What you are asked to do: Nothing should appear in the answer except the lines from the one with "Konopia + Rzepik" through the end of the listing below, transcribed exactly and without pictures.

________________

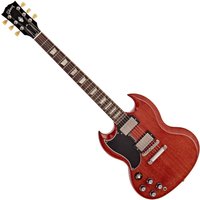 Read more about the article Gibson SG Standard 61 Left Handed Vintage Cherry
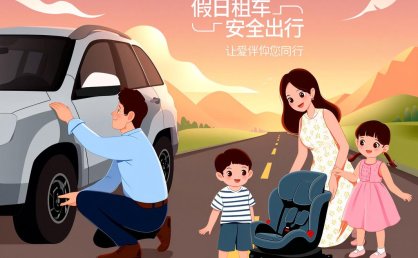 提升租车安全 助力文旅发展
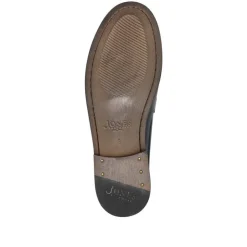 Jones Bootmaker Roan Leather Slip-On Shoes -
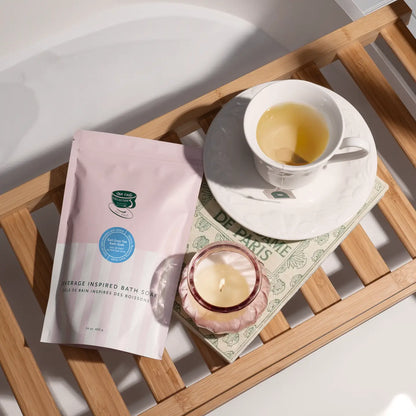 Earl Grey Bath Soak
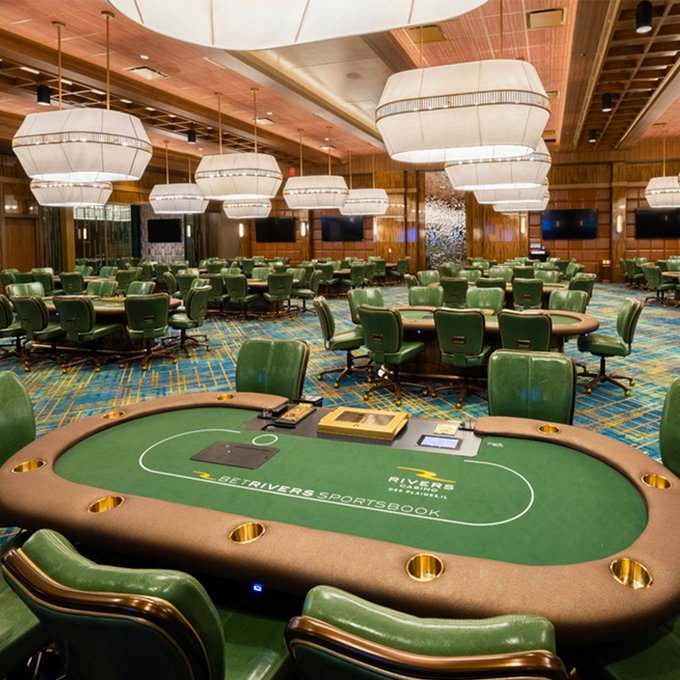 Rivers Casino Des Plaines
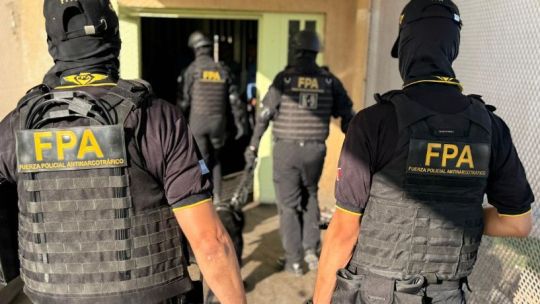 Siete policías antinarcóticos de Punilla fueron elevados a juicio por hacer operativos truchos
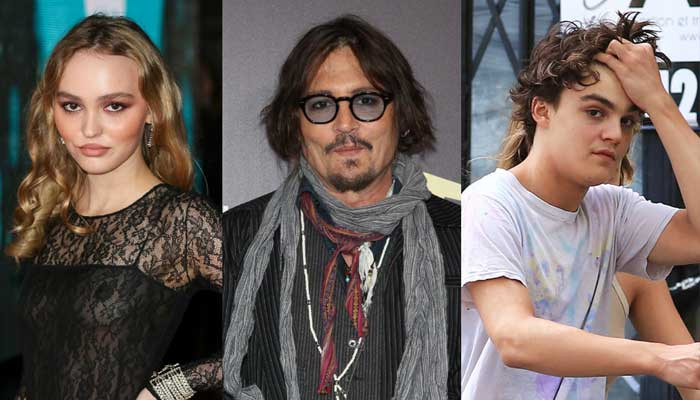 Johnny Depp wants to hug his kids Lili Rose and Jack after winning Defamation suit against Amber Heard - Vimarsana News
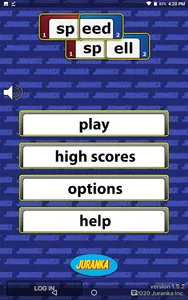 speed-spell screenshot 8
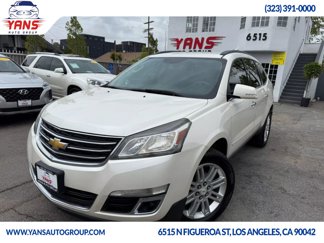 Used 2014 Chevrolet Traverse LT w/ All-Star Edition image 1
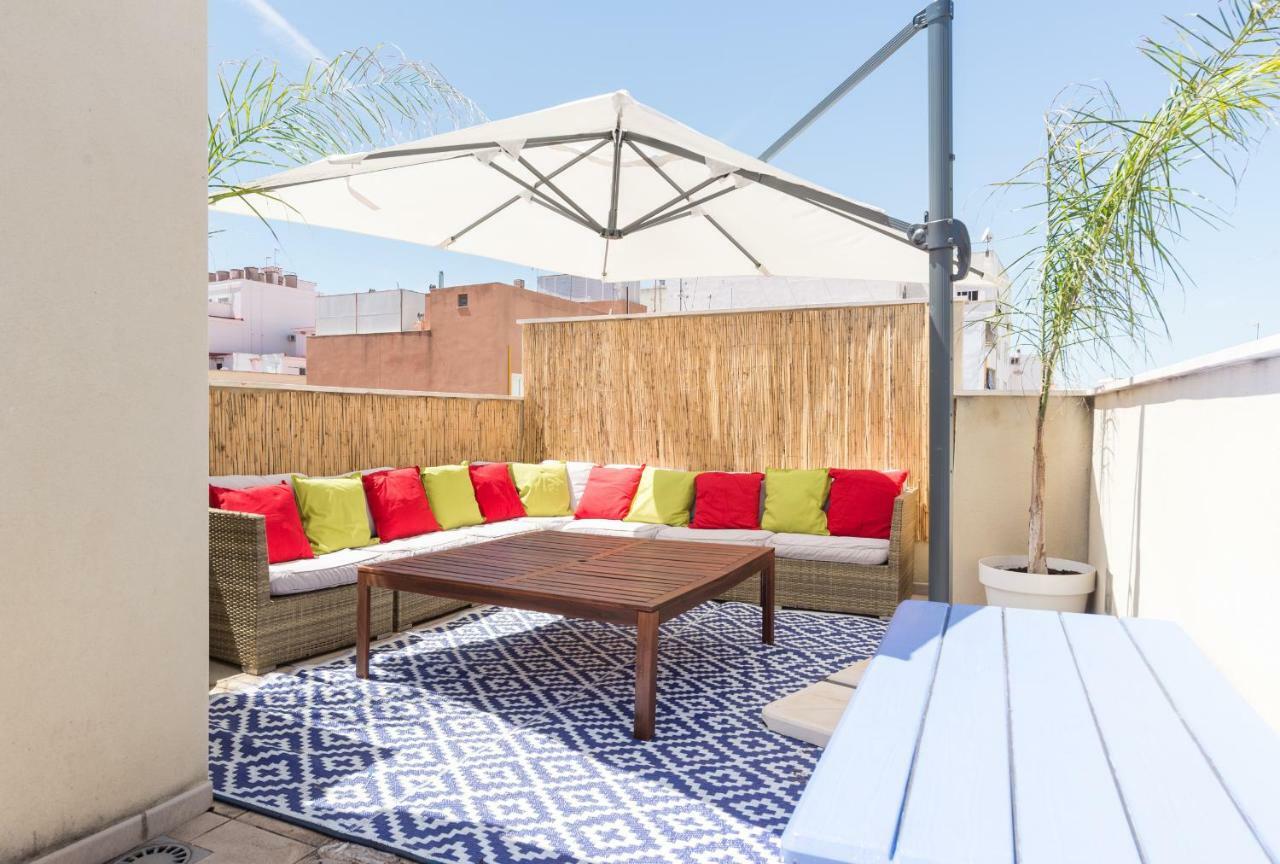Ma2A-Perfect Apartment For Couples Or Groups Up To 5 Guests Málaga Exterior foto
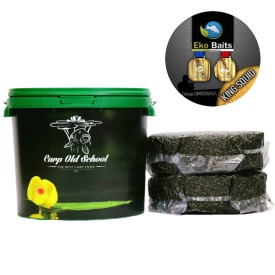 Konopia + Rzepik King Squid by Eko Baits 10 kg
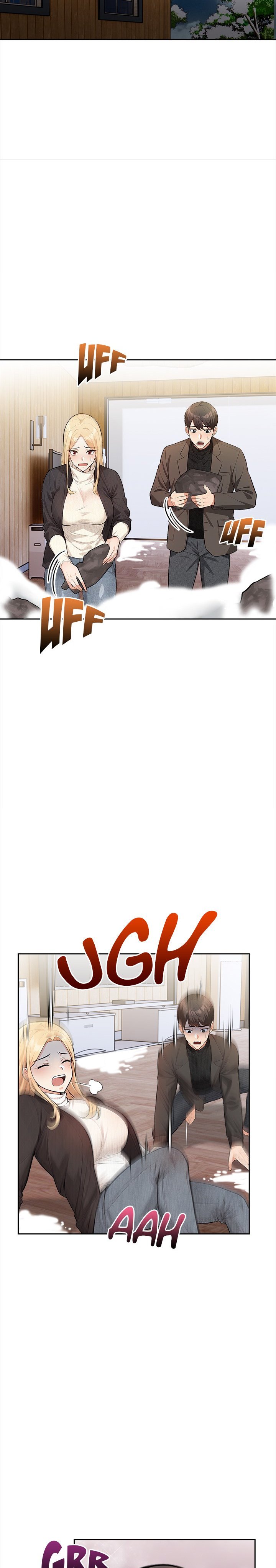 Atrapados en la cabaña Capítulo 13 - Page 30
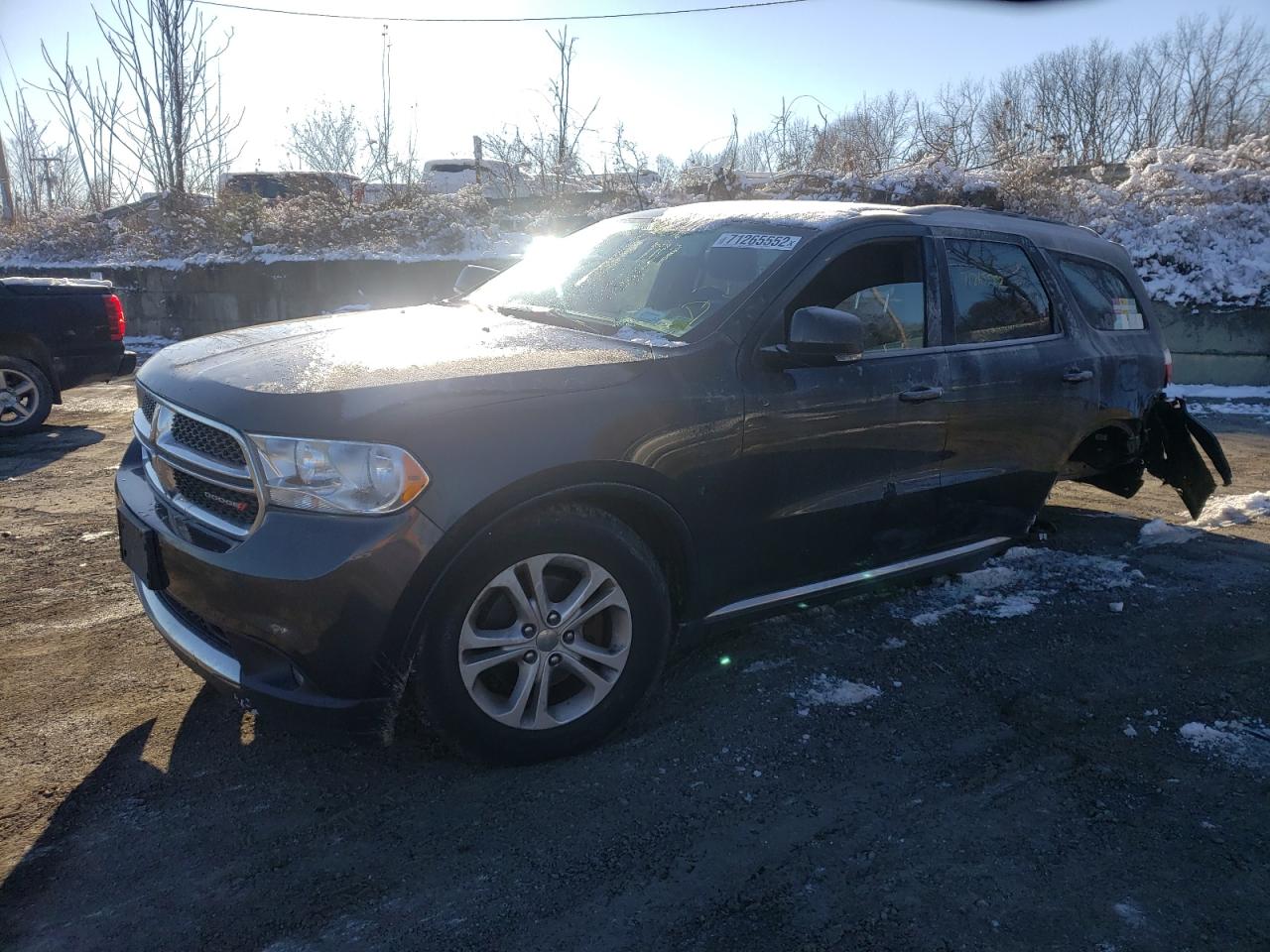 Dodge Durango cr (2011)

________________

Exercise result:
 Konopia + Rzepik King Squid by Eko Baits 10 kg
 Atrapados en la cabaña Capítulo 13 - Page 30
 Dodge Durango cr (2011)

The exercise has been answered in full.